*** Data records ***

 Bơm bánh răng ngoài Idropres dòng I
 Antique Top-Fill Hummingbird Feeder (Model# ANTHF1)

*** End of Data records ***
*** Data records ***

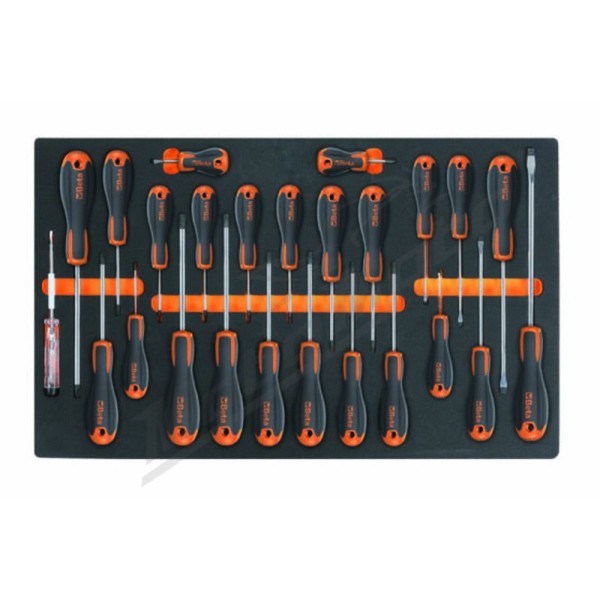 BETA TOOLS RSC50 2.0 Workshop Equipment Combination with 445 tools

*** End of Data records ***
*** Data records ***

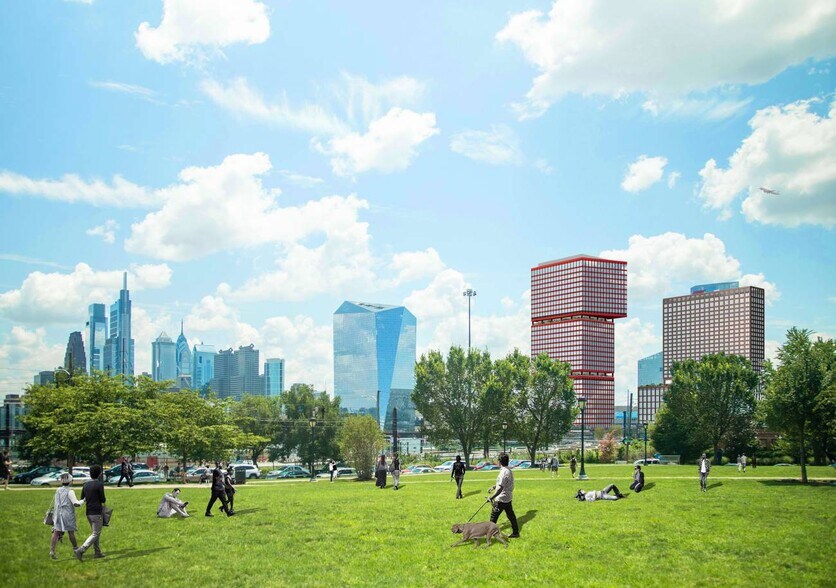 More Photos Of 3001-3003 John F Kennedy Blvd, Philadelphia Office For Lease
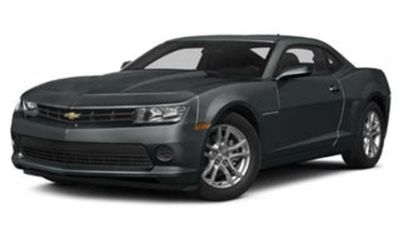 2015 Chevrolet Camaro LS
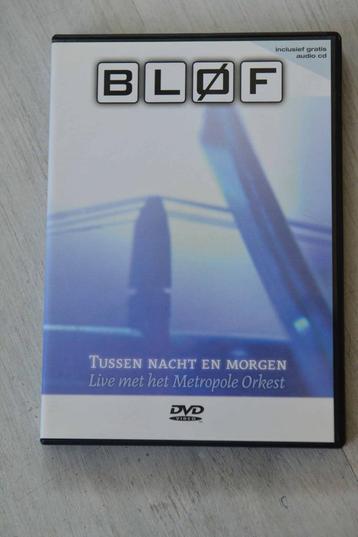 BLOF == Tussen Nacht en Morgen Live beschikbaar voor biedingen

*** End of Data records ***

Look in the material above for the line with "Bơm bánh răng ngoài Idropres dòng I" and the line with "Antique Top-Fill Hummingbird", and transcribe exactly those lines and all lines between them, nothing more.

Completed task:
 Bơm bánh răng ngoài Idropres dòng I
 Antique Top-Fill Hummingbird Feeder (Model# ANTHF1)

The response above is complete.